You could even make this data structure support lookups by either key or by unique id. This way, you could do a by key lookup the first time you needed to find something, and then could store off the ID to get it by ID from then on for a faster lookup. Heck, you could even do all your lookups “offline” (at tool time, not when the app is running) and for instance convert all file references in data files to be the each file’s unique ID instead. Then, you could toss out the keys of your data structure, only storing an array of data, and using the unique file ID to look into that table whenever you wanted to read or write meta data associated with that file. That would make lookups faster, and also decrease the memory requirements of memory resident data files.

It’s pretty cool stuff, and a pretty useful algorithm. Hopefully you find it useful as well (:

Update – 12/22/15

Interestingly, this post has had something like 15,000 readers since it was posted. That is by far the most read post on this blog 😛

Anyways, I wanted to add some more info I’ve found recently.

Here are three tools for doing minimal perfect hashing that are very likely to give you better results than the algorithm I describe above:

Here’s a conversation talking about gperf and the alternative applications, and pros and cons for each:
Stack Overflow: Making a perfect hash (all consecutive buckets full), gperf or alternatives?

Here’s a research paper on gperf by Doug Schmidt: GPERF – A Perfect Hash Function Generator

I had a thought that maybe there was some play here by using “logical synthesis” to come up with some algorithm to map the inputs (the keys of the hash table) to the outputs (collision free output indices).

I started looking into Karnaugh maps and then the Quine–McCluskey algorithm, and then espresso and espresso-exact (mincov).
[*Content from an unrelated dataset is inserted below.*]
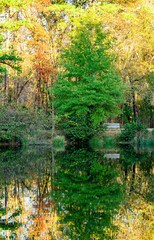 Pond Reflects II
Where the first two things are decent at solving multi bit input to single bit output, the second two things are decent at solving multi bit input to multi bit output, allowing operations to be shared among bits.

While I haven’t found anyone using those specific algorithms to solve the problem, people have, and definitely are still, trying to also look into the ability to generate code without lookups. From what I’ve read so far, it sounds like finding such a function takes a lot longer to find and also that it runs more slowly in practice than a less perfect solution which has lookups.

Either way, this is still an active area of research, and plenty of folks are working on it so I’m going to leave it to them.

I also sort of have the feeling that if you are in need of minimal perfect hashing, you may be “doing it wrong”. For instance, if you are at all able to, you probably are likely to be better off having a pre-agreed on set of unique IDs per “thing” you want to look up. These unique IDs can be used directly as array indices for the magical always O(1) lookup that minimal perfect hashing is going for, and is actually a quicker lookup in practice since you don’t need to jump through special hoops to calculate the array index.

The only exceptions I can think of are:

  1. Real world requirements and not being able to reach the ideal situation – this is the boat I’m in right now. Ideally, systems would be asking about things by an integer ID, but I can’t get there in a single step, so the perfect hashing is a temporary bridge til I can get there.
  2. Even with IDs, sparse arrays are still problematic. You may have an ID per file that could be asked about, but say that you have 1,000,000 files, but you want to make an array of data for only 10,000 of them. How do you take the unique ID of a file and do a lookup into that smaller table? Minimal perfect hashing seems to be useful in this situation, but there may be other decent or comparable alternatives if you are already using integer IDs.